= Problem description =
Apart from the images, output the data below exactly.

= Provided material =
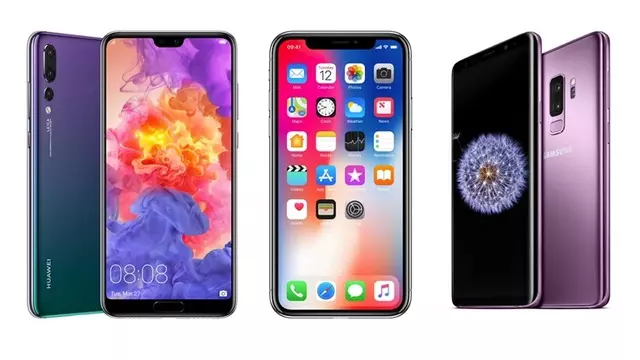 Türkiye'de Satın Alabileceğiniz En İyi 5 Akıllı Telefon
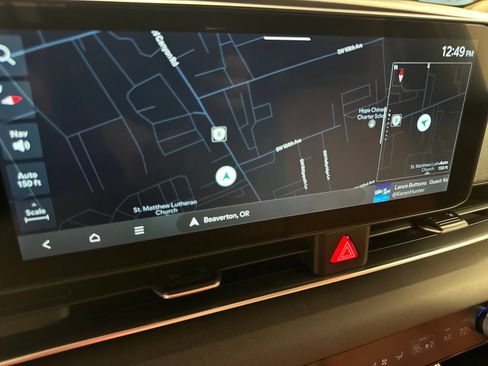 New 2026 Kia Carnival EX FWD image 18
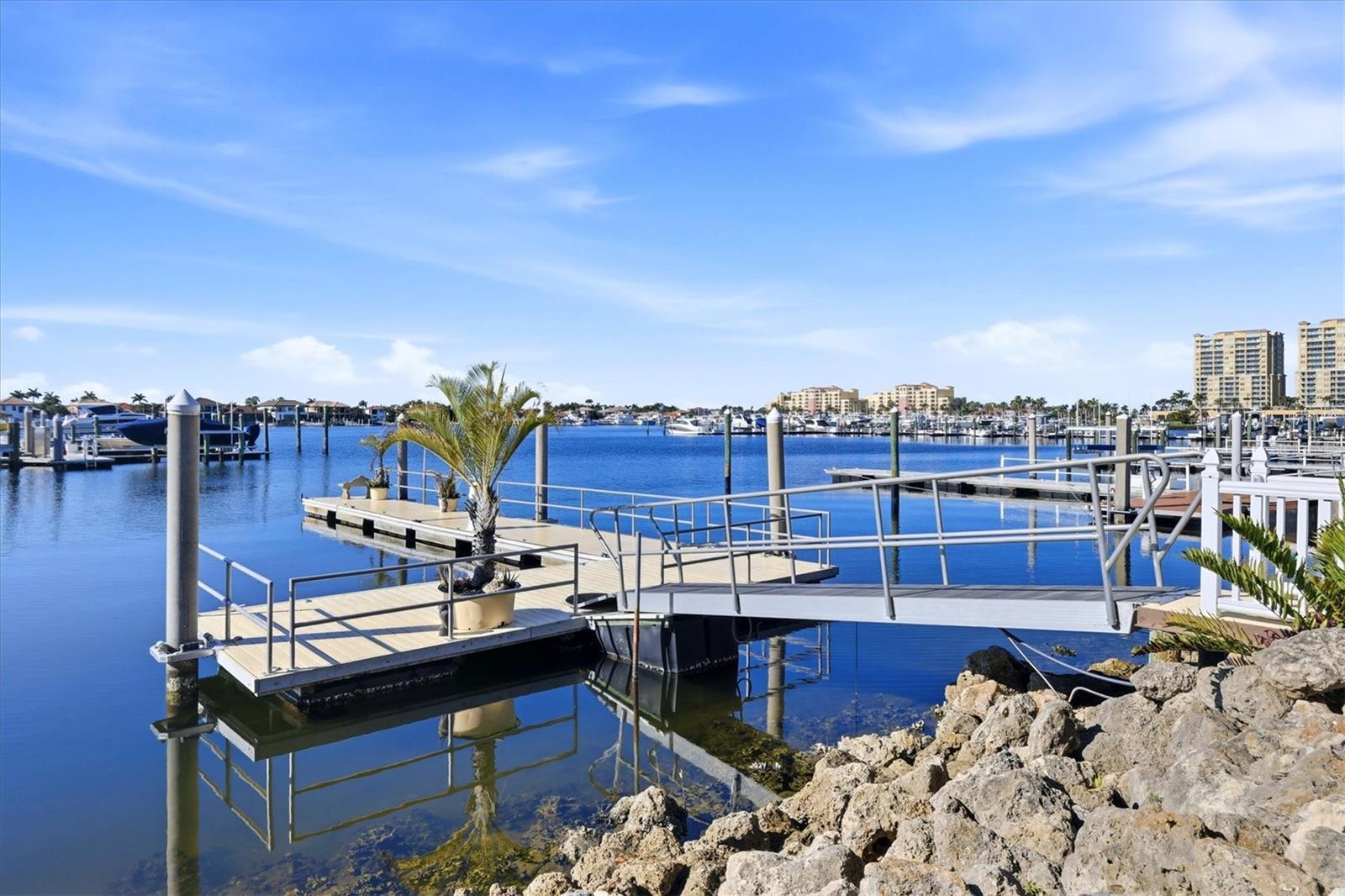 NORTHSHORE AT RIVIERA DUNES PH 1-A - Residential Lease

= Task response =
 Türkiye'de Satın Alabileceğiniz En İyi 5 Akıllı Telefon
 New 2026 Kia Carnival EX FWD image 18
 NORTHSHORE AT RIVIERA DUNES PH 1-A - Residential Lease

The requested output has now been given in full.